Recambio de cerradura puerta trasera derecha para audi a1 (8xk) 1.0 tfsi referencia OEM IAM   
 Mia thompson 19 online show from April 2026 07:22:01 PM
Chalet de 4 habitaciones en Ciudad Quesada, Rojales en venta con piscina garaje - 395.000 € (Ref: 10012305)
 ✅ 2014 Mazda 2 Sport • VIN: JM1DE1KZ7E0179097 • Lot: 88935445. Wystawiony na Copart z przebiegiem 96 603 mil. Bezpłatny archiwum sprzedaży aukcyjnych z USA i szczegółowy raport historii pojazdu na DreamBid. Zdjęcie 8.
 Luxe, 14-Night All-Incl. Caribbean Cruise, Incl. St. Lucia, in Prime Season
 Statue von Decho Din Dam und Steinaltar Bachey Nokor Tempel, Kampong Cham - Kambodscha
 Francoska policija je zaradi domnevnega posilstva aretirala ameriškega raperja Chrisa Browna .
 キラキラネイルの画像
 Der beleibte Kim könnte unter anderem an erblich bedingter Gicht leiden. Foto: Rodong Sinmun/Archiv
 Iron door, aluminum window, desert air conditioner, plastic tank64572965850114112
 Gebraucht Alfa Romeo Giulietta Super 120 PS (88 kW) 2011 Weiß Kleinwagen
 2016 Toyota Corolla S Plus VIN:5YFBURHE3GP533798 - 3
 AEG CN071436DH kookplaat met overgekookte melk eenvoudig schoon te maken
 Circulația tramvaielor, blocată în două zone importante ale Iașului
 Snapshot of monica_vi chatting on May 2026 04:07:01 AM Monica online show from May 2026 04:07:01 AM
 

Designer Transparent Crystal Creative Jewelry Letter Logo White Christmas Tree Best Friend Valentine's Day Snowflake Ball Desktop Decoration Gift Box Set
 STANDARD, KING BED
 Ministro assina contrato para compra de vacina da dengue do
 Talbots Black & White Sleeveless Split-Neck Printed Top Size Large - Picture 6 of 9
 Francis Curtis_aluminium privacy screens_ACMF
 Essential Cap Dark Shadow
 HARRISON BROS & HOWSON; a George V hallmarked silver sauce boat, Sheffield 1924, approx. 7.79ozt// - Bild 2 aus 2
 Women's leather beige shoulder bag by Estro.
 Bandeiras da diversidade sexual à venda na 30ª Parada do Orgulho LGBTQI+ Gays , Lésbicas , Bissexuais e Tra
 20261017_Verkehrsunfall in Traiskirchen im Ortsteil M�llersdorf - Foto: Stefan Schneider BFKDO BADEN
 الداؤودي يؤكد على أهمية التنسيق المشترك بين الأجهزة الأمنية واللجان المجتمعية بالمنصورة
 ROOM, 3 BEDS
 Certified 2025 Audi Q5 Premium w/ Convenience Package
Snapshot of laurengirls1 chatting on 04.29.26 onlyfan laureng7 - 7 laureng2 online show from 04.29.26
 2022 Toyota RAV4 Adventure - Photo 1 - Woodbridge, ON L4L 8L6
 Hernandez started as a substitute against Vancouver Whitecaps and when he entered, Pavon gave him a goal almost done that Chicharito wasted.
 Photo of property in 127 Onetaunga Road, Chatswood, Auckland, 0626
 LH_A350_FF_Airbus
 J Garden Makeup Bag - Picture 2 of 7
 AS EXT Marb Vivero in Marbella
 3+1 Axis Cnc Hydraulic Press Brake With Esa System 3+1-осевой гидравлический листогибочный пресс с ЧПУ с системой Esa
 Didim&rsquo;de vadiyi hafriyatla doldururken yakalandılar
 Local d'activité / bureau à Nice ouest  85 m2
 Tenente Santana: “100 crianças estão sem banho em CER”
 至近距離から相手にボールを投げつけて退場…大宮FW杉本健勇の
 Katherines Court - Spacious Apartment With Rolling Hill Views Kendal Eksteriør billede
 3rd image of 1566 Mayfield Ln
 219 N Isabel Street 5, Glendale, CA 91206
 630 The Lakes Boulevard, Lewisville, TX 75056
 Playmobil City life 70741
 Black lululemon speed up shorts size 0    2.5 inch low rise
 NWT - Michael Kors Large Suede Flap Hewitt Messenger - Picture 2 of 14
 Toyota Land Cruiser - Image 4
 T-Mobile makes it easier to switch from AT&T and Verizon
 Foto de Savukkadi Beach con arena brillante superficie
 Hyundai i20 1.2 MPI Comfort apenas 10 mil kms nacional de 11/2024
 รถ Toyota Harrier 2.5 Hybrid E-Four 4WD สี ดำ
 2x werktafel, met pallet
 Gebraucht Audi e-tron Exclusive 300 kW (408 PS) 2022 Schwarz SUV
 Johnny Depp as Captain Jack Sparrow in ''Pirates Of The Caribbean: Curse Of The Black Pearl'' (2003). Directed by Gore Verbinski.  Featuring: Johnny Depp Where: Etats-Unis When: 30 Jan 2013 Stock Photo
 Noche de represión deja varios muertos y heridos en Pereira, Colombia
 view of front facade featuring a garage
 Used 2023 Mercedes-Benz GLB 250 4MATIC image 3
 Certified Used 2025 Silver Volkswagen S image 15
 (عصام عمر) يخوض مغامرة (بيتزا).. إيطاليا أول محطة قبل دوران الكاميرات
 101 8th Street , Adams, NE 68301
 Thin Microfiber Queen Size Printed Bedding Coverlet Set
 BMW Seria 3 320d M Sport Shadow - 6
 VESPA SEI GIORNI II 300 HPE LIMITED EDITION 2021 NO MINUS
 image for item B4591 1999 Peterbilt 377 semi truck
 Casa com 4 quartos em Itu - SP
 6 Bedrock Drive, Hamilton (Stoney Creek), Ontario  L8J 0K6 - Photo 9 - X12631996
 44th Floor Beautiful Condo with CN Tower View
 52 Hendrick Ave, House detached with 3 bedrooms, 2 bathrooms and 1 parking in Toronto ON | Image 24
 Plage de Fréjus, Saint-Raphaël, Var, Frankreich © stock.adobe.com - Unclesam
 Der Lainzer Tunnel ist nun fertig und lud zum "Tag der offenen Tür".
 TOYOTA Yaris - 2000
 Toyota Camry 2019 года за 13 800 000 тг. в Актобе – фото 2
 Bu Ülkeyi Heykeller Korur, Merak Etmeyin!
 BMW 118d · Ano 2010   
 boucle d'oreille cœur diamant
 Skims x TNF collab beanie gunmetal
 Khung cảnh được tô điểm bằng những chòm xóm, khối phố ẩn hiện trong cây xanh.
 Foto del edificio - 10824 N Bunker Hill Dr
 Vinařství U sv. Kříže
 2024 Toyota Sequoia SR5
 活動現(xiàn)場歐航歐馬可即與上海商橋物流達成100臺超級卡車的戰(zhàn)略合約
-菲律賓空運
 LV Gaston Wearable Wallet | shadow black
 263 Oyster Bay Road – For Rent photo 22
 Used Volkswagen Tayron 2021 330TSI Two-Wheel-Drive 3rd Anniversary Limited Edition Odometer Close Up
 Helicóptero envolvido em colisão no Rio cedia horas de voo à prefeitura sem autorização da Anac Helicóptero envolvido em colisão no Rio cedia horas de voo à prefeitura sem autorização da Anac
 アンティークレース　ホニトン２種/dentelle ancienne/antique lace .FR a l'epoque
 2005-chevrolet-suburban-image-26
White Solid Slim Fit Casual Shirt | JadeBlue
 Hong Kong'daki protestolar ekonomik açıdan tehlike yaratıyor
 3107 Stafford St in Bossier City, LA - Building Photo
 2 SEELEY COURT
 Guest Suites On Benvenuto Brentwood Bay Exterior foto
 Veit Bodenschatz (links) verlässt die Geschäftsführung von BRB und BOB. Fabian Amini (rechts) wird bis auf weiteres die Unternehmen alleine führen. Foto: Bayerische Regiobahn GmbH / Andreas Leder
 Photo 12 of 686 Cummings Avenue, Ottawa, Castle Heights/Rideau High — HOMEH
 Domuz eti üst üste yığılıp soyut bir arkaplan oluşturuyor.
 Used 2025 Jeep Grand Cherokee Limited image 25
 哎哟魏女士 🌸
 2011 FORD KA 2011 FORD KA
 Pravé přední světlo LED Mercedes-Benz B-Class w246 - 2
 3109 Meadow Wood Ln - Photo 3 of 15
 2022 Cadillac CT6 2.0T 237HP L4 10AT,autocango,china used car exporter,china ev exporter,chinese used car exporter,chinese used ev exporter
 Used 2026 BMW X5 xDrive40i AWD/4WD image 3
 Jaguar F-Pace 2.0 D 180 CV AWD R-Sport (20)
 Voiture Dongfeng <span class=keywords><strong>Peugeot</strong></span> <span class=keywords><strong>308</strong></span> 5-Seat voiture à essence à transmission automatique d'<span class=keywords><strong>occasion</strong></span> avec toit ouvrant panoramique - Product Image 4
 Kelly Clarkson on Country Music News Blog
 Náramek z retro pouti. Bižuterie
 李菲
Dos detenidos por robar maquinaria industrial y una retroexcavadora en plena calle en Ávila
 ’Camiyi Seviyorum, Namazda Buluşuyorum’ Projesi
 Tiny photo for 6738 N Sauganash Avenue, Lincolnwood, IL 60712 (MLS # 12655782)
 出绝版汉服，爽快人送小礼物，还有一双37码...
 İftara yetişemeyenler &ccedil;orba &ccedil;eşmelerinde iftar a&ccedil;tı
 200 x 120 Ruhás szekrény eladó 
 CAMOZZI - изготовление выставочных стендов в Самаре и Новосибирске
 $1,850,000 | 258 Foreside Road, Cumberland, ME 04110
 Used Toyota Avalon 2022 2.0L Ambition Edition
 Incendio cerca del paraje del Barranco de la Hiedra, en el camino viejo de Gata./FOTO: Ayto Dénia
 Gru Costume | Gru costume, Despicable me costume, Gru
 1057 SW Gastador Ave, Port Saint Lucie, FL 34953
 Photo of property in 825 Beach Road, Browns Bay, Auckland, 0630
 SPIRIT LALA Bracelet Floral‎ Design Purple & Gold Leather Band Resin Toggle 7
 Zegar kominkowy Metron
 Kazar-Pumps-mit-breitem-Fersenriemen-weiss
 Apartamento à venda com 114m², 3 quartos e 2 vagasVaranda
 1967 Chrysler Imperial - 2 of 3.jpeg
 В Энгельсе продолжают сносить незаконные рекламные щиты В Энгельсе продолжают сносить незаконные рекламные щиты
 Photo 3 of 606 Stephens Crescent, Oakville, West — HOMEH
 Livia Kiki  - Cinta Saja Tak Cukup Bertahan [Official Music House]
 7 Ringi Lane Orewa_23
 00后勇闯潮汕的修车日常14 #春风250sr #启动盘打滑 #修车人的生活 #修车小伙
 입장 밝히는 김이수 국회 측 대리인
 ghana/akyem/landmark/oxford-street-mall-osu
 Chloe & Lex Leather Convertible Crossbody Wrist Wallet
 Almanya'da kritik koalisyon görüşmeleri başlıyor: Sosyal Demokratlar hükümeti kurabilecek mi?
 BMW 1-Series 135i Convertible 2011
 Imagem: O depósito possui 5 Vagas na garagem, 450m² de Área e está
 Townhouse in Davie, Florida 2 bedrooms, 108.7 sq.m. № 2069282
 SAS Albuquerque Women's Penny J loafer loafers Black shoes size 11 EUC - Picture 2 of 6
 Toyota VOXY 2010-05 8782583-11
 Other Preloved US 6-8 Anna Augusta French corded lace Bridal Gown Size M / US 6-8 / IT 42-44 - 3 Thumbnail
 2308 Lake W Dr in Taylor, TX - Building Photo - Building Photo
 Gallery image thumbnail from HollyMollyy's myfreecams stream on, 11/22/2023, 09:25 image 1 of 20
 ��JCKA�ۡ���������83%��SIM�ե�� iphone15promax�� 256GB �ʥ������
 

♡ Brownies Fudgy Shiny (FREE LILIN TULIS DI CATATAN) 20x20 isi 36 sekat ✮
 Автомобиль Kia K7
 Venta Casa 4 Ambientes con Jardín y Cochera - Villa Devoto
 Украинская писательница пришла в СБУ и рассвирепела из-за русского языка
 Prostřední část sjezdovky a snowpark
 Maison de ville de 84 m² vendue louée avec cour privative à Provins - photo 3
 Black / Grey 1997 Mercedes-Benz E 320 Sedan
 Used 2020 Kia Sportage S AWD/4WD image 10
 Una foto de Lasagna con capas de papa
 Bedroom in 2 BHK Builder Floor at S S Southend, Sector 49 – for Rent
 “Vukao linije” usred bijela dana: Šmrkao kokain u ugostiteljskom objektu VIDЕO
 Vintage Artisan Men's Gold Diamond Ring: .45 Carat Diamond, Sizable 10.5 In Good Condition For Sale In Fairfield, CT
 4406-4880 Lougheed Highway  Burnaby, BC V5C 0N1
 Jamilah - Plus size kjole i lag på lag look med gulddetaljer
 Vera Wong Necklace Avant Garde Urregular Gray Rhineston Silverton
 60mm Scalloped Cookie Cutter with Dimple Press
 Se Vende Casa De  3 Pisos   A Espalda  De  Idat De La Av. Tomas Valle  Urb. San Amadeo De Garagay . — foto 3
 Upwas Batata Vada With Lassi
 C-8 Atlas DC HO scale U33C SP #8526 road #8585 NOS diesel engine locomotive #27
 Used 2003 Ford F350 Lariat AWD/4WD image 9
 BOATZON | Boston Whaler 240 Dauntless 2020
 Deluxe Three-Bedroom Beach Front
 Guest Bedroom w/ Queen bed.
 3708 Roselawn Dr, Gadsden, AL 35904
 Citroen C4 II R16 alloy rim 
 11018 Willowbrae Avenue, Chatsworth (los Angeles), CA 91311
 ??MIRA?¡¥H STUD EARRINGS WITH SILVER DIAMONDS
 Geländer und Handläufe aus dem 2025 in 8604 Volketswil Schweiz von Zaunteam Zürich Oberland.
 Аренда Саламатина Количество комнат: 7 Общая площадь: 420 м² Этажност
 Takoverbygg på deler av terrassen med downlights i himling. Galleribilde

┄┄┄┄┄┄┄┄┄┄

Task objective -> The output should be exactly the lines above from the line containing "7 Ringi Lane Orewa_23" to the line containing "Una foto de Lasagna con capas de papa", inclusive, with no other lines.

Your solution ->
 7 Ringi Lane Orewa_23
 00后勇闯潮汕的修车日常14 #春风250sr #启动盘打滑 #修车人的生活 #修车小伙
 입장 밝히는 김이수 국회 측 대리인
 ghana/akyem/landmark/oxford-street-mall-osu
 Chloe & Lex Leather Convertible Crossbody Wrist Wallet
 Almanya'da kritik koalisyon görüşmeleri başlıyor: Sosyal Demokratlar hükümeti kurabilecek mi?
 BMW 1-Series 135i Convertible 2011
 Imagem: O depósito possui 5 Vagas na garagem, 450m² de Área e está
 Townhouse in Davie, Florida 2 bedrooms, 108.7 sq.m. № 2069282
 SAS Albuquerque Women's Penny J loafer loafers Black shoes size 11 EUC - Picture 2 of 6
 Toyota VOXY 2010-05 8782583-11
 Other Preloved US 6-8 Anna Augusta French corded lace Bridal Gown Size M / US 6-8 / IT 42-44 - 3 Thumbnail
 2308 Lake W Dr in Taylor, TX - Building Photo - Building Photo
 Gallery image thumbnail from HollyMollyy's myfreecams stream on, 11/22/2023, 09:25 image 1 of 20
 ��JCKA�ۡ���������83%��SIM�ե�� iphone15promax�� 256GB �ʥ������
 

♡ Brownies Fudgy Shiny (FREE LILIN TULIS DI CATATAN) 20x20 isi 36 sekat ✮
 Автомобиль Kia K7
 Venta Casa 4 Ambientes con Jardín y Cochera - Villa Devoto
 Украинская писательница пришла в СБУ и рассвирепела из-за русского языка
 Prostřední část sjezdovky a snowpark
 Maison de ville de 84 m² vendue louée avec cour privative à Provins - photo 3
 Black / Grey 1997 Mercedes-Benz E 320 Sedan
 Used 2020 Kia Sportage S AWD/4WD image 10
 Una foto de Lasagna con capas de papa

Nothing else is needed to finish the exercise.